What separates a politician from us? Clearly we hold them up to different standards. I think it’s fair to say that politicians are expected to be better versed on current issues and have a passion for whatever their dealing with. Politicians are usually also very charismatic although this is not an ironclad rule, but there is a kind of politician, Bill Clinton, Barack Obama, people with infectious personalities that you remember. Of course you always end up with candidates of convenience that have very little charisma, but they usually make up for it in intellect or political savvy. They also happen to driven by different things, they are attracted to power, it’s important in the current political situation that no one show this kind of ambition but among the public it’s kind of taken as a rule of thumb that most politicians are out for power, we seem to be satisfied though if they take the courtesy not to show it.

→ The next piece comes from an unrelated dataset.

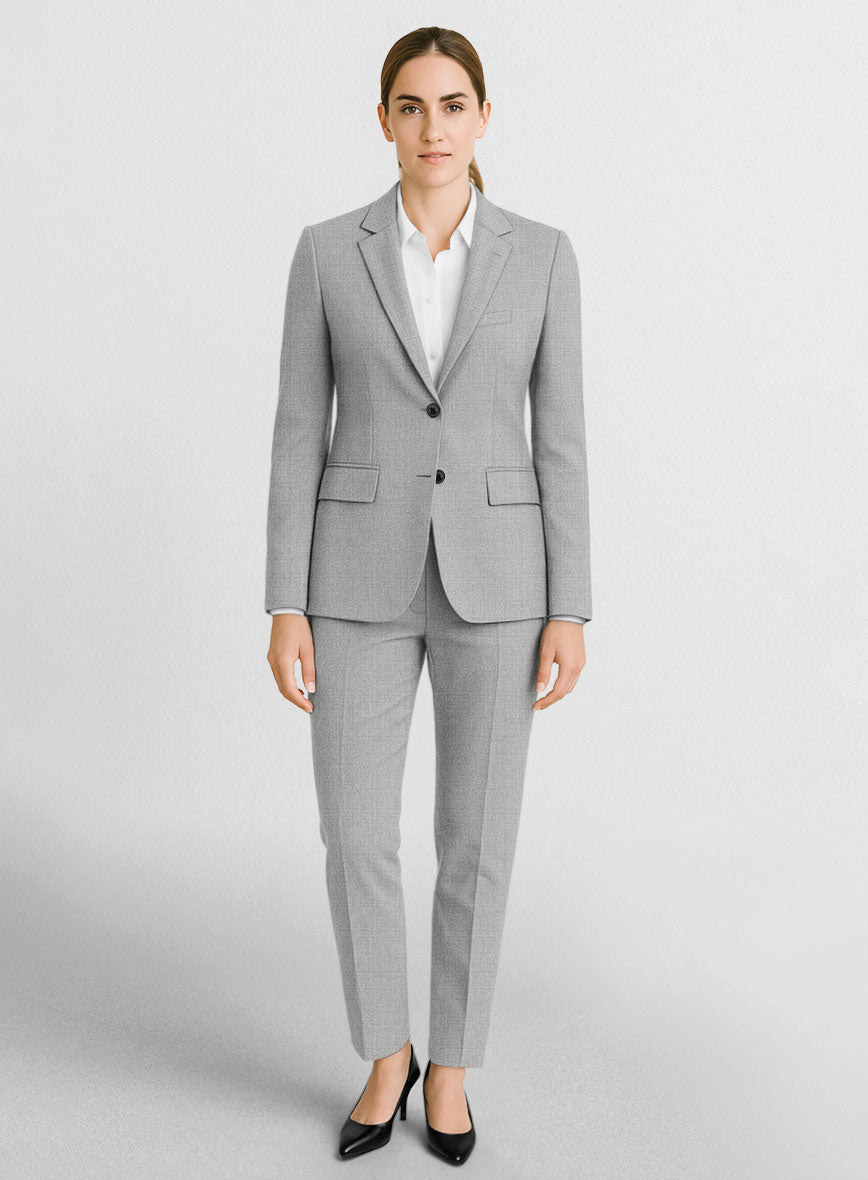 Women's Ice Gray Wool Suit - StudioSuits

More confusingly there’s a double standard of morality for politicians. This double standard seems to focus more on their personal lives and less on their public ones. Almost all prominent politicians have a scandal or two that is in the sphere of general knowledge but very few scandals are enough to end the politician’s career so long as what they do is not clearly illegal. In some cases even an illegal action is not enough to bring the politician down. But this standard seems to be less lax for a politicians bedroom habits, no one will give up with the opportunity to report on a sex scandal. Eliot Spitzer was a promising candidate until it got out that had an affair, there were no allegations of any other wrongdoings, but his political career was effectively over because he had not been monogamous. Yet it seems that the actions of monogamous evil men aren’t nearly as bad, so long as it doesn’t get completely out of hand and a scandal isn’t bad enough they can have political careers spanning decades. Corruption is illegal, affairs are not, but if affairs are to be treated on at least the same level as corruption, I suggest we make affairs illegal and punishable by prison.
Sex sells and politics doesn’t, there is very little ratings wise to talk about policy minutiae. It’s also a great opportunity for the opposition to unambiguously deride the fallen opponent without any chance of an effective counterattack. People interested in very small scopes of things will find sex scandals immediately relatable, unlike most things in politics it is a unhealthy nonpartisan show of hypocritical shaming. Yet a politicians commitment to monogamy has very little to say about the ability to do their job, it has less to say about their commitment to a cause or their ability to manage. Does any of this really matter to anyone, if they are not getting into a relationship with that person? The standards of a politicians conduct by the public is strikingly high in regards some things and striking low in regards to others.